• _Available data_:
┄┄┄┄┄┄

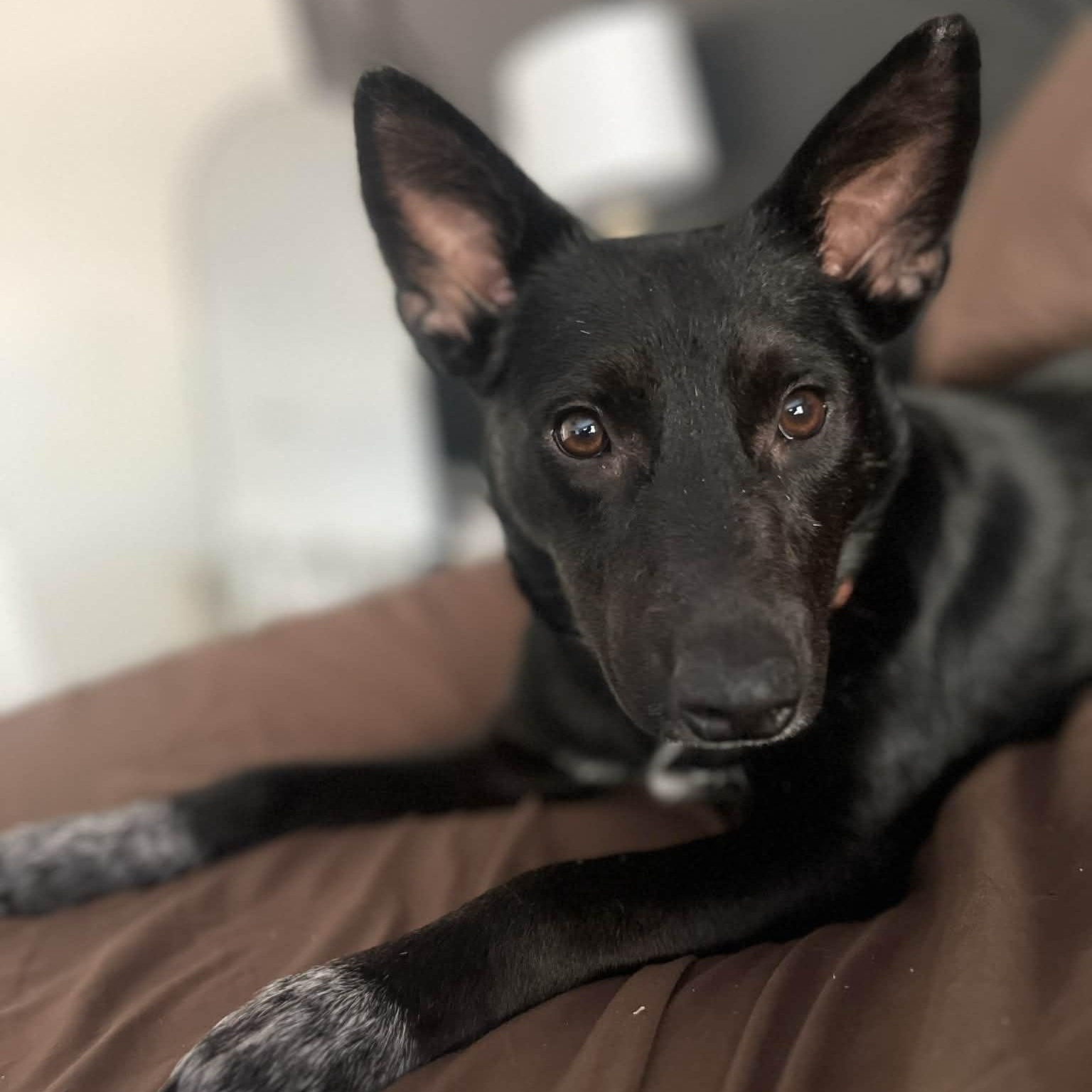 Enlarge Cocoa , an adopted mixed breed in Jackson , MI image 2/4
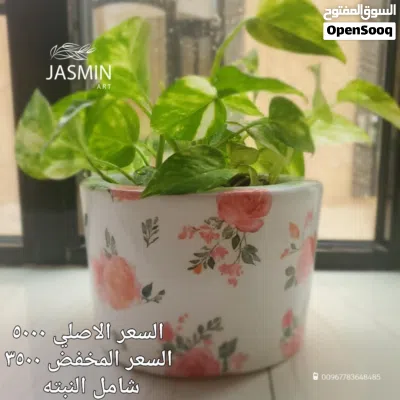 اصيص زراعي للنبات الطبيعي 3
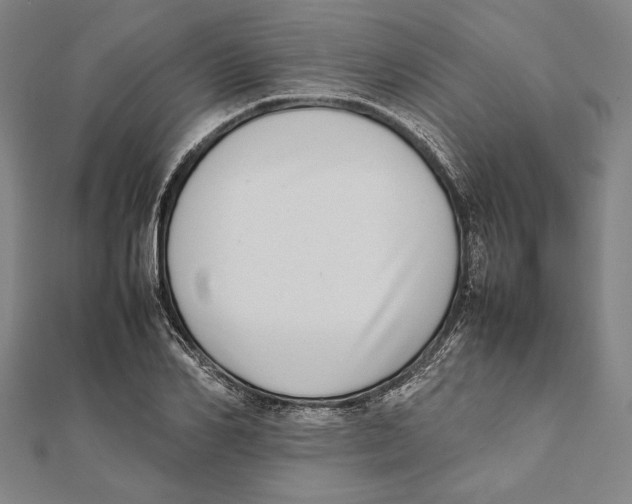 X0000111780982200908201106
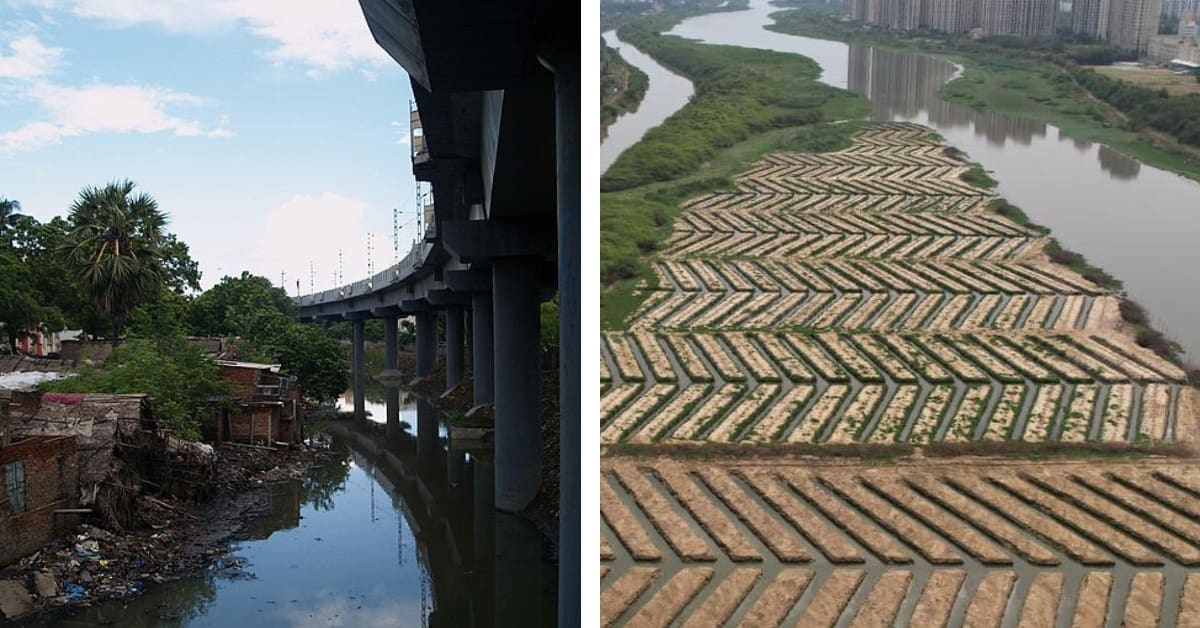 600 Villagers Clear 750kg of Plastic, Plant 20,000 Mangroves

┄┄┄┄┄┄

• _Task brief_: Leave out every picture, and copy exactly the lines from the line that contains "X0000111780982200908201106" through the end of the material.

• _Task solution_:
 X0000111780982200908201106
 600 Villagers Clear 750kg of Plastic, Plant 20,000 Mangroves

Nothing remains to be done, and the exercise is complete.